Imaging arrays have sensitivities that are limited by 1/f noise caused by gain fluctuations that produce an output drift over time. FIG. 1 shows a graph for a typical 1/f noise spectrum. The 1/f noise has a frequency spectrum (noise vs. frequency (f)) that generally follows a 1/f curve 11 and hence the name for 1/f noise. Above a knee frequency 15 the noise is generally white noise. The cause of 1/f noise is related to properties inherent in all semiconductors, which are used in many applications including imaging arrays. The noise at frequencies below the knee frequency 15 causes the imaging array's output to drift in time. Therefore, it cannot be determined whether the output of a sensor in an imaging array is changing because the scene is changing or whether the output change is due to 1/f noise, unless some step is taken to compensate or calibrate out the drift.
There are currently many methods of calibrating the drift, and these methods can be broken down into two categories: one that applies only to mechanically scanned arrays and one that applies to scanning or staring (non-scanning) arrays.
In mechanically scanned arrays the sensors are moved to scan an image. For example, a mechanically scanned array can be a line array of sensors. Mechanically scanning the imaging elements modulates the signals by creating a time varying element output as the element scans across a scene.
This modulation shifts the image signal to a higher frequency and effectively separates the signal from the 1/f noise in frequencies below the knee frequency. One can subtract the average value of the signal across the entire scan from the scan signal and limit the drift to what occurs within that scan as disclosed by M. A. Janssen, D. Scott, M. White, M. D. Seiffert, C. R. Lawrence, K. M. Gorski, M. Dragovan, T. Gaier, K. Ganga, S. Gulkis, A. E. Lange, S. M. Levin, P. M. Lubin, P. Meinhold, A. C. S. Readhead, P. L. Richards, J. E. Ruhl, “Direct images of the CMB from space,” Astrophysical journal, 1996, pp. 15. This method has the advantage of not requiring any additional hardware; however, appreciable drift can still occur within the scan period. To ensure minimal impact of drift on the sensor performance, the image must be scanned at a rate at least four times the knee frequency, which modulates the image signal to be within the white noise spectrum of the 1/f noise. Because typical commercial sensors have knee frequencies of 1 KHz or more, this method cannot be effectively applied due to the high scan rates required.

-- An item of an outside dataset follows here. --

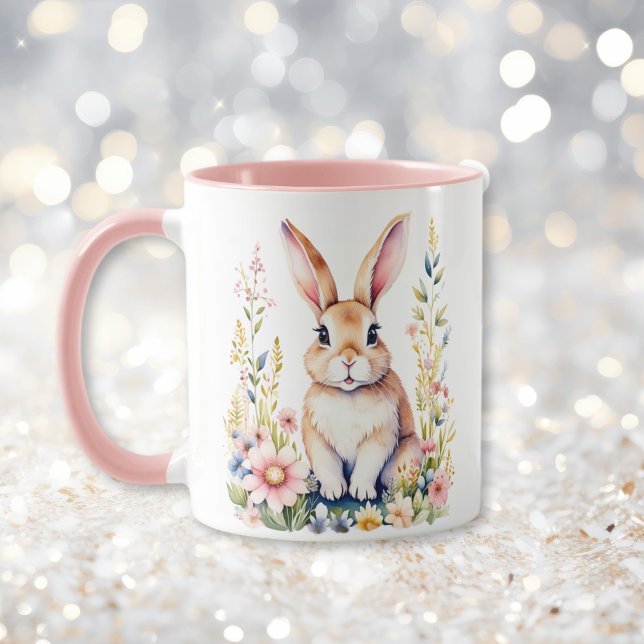 Caneca Vintage Floral Easter Bunny Personalizado (Criador carregado)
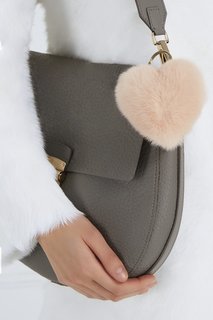Бежевый брелок из меха Bubble Furla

The methods used to calibrate staring arrays do not depend on movement of the sensor elements; however, these methods can also be applied to scanned arrays if desired. One method uses a switch, called a Dicke switch, to modulate the image signal, as disclosed in Ulaby, Microwave Remote Sensing, Vol 1, Artech House, Mass., 1981, section 6-9. Another method of modulating the image signal is to use a rotating optical blade, which is called an optical chopper, in front of the sensors. The Dicke switch and the optical chopper both modulate the input signal to move the image signal spectral energy away from the low frequency noise, thereby minimizing drift effects.
The Dicke switch must be installed in each element separately, and therefore adds significant cost to the array. Furthermore, the Dicke switch introduces losses that degrade the sensitivity of the array.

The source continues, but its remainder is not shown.